Included are many studies on family life, victim hood, childhood, and aggression. The larger human behavioral issues, cultural norms (and digressions there from), academic institutionalism, evolutionism and the like all weigh heavily on the author's mind. Yet he also delves into the individual issues like selfishness, greed, and lust for power. Human (and even animal) foibles and tendencies are addressed in this all encompassing handbook on life as we know it.

So engrossing did I find this manuscript, that I reached page 62 in one quick sitting, and there discovered the author's only error in judging the human condition. I found the following, rather insulting statement about writers:

"...the purpose of writing is to inflate weak ideas, obscure poor reasoning, and inhibit clarity. With a little practice, writing can be an intimidating and impenetrable fog!"

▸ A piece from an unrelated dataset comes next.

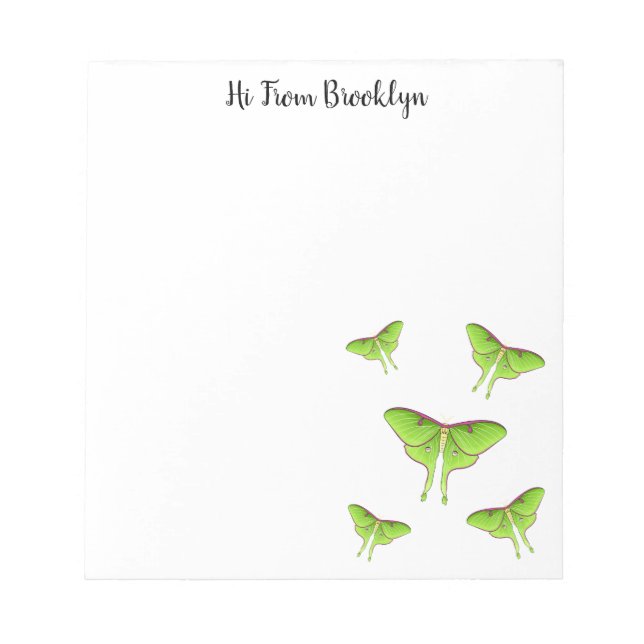 Bloc De Notas Ilustracion personalizado Luna Moth (Frente)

"Profoundly disturbed" was merely my first reaction to this nonsense. A writer should never hide behind misleading statements. He must never obfuscate, nor refrain from absolute frankness and honesty with his audience. As an example of my own determination to demonstrate an author's responsible approach to writing, I will continue my review of this "work" without including any of the disparagement or denigration it so obviously deserves.

As stated above, this tome is a complete anthropological study of man (and boy). Even more amazing, it includes insightful commentary on behavior relating to another of the higher mammals (panthera tigris, to be exact), and its hidden interactions with our own race of man. In some worlds of higher learning, this particular study has its own exacting denotation: for some reason, not stated, this psychological pairing is called "Calvin and Hobbes."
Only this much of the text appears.